March 18, 2020
1. Ashley Madison
When infidelity dating website Ashley Madison was breached by a group calling itself ‘The Impact Team’ in July 2015, around 35 million user accounts were compromised. What’s more, the group released personal information when the website was not immediately shut down, as per its demands. Websites that commercially encourage extramarital affairs are hotbeds for hackers: rival service Adult Friend Finder also suffered a similar attack this year.
The lesson: Hackers are not always after credit card details – although these were also exposed in this attack. If your website or app gathers any sensitive information that may be embarrassing or damaging to a person’s reputation, you must look at sharpening up your online security.
US health insurance firm Anthem lost more than 80 million customer records when it was hacked at the beginning of 2015. The FBI has yet to confirm who was behind the attack but reports say that much of the data was not encrypted – a must-have online security measure if your business collects sensitive medical information.

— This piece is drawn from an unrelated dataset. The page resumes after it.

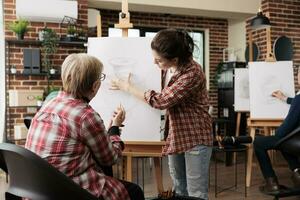 weiblich Kunst Lehrer Stehen in der Nähe von Staffelei erklären Senior Frau Wie zu zeichnen immer noch Leben Objekte mit Bleistift, Lehren Menschen Zeichnung Techniken während Gruppe Kunst Klasse. Lernen Neu Dinge im Pensionierung foto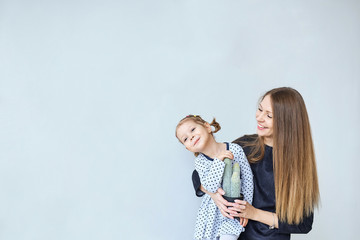 portrait of happy mother with daughter having good time. little cute girl playing with cactus on gray background.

The lesson: Because hackers stole social security numbers, birth dates and addresses, the breach also opened customers to the risk of identity theft. Fortunately, Anthem has a cybersecurity insurance policy to cover the costs of providing free credit-monitoring services and identity theft protection to those affected. Do you have similar insurance cover should your business be targeted by hackers?
3. Kaspersky Lab
If a security vendor can be attacked, where does that leave the rest of us? That’s exactly what happened to Russian antivirus and security firm, Kaspersky Lab. The company discovered that several of its internal systems were infiltrated by an attack. The reason for the attack was believed to be a link to powerful world meetings, for example around an Iranian nuclear deal.
The lesson: The number one less here is that absolutely anyone can be a victim of hacker attacks, so never think that your business is not attractive or important enough. Secondly, if your company has political ties at all, factor that in to your disaster management strategy. Lastly, even though the motive here might have been political, the hackers managed to access the company’s latest technologies like Kaspersky’s Secure Operating System and Kaspersky Fraud Prevention. The thought that a criminal could get hold of or alter your intellectual property is certainly another motivation to increase your online security measures.
Just as alarming as the Kaspersky breach was that of password management company LastPass. Email addresses, password reminders and more were compromised and encryption measures were found to be inadequate.
The lesson: Nowadays, a password has to be very strong to be unhackable, which is why businesses such as Facebook and Gmail rely on two-step authentication to verify their users. LastPass uses a sophisticated algorithm to strengthen a user’s master password but should that be weak – i.e. one simple English lower case word – users will still be at risk. Always encourage your customers to choose strong passwords.
Ironically, a company offering software that allows people to spy on others (parents on children, employers on staff, etc.) was ‘spied’ on itself in 2015 – a cyber attack that mSpy repeatedly denied. But when its database appeared on the dark web, it was clear that emails, text messages, payment details, passwords and more had been exposed.
The lesson: It’s alarming that a company would go to great lengths to minimize reputational damage by downplaying a data leak, when thousands of children could now be vulnerable to online predators. If you ever fall victim to a data breach, have a plan in place to reassure your customers.
From these five examples it is clear that cyber criminals strike for many reasons. By pre-empting the risks with stronger online security, you can better protect your customers and your reputation.
There are many ways to increase your online security, whether through data encryption, how you store customer records and the verification methods you choose. By offering additional authentication methods – the most popular being two step authentication, e.g. with an SMS one-time PIN – you can stop relying on passwords only. Should your database be compromised, your customers will have the peace of mind that no one can access their accounts without this additional form of verification.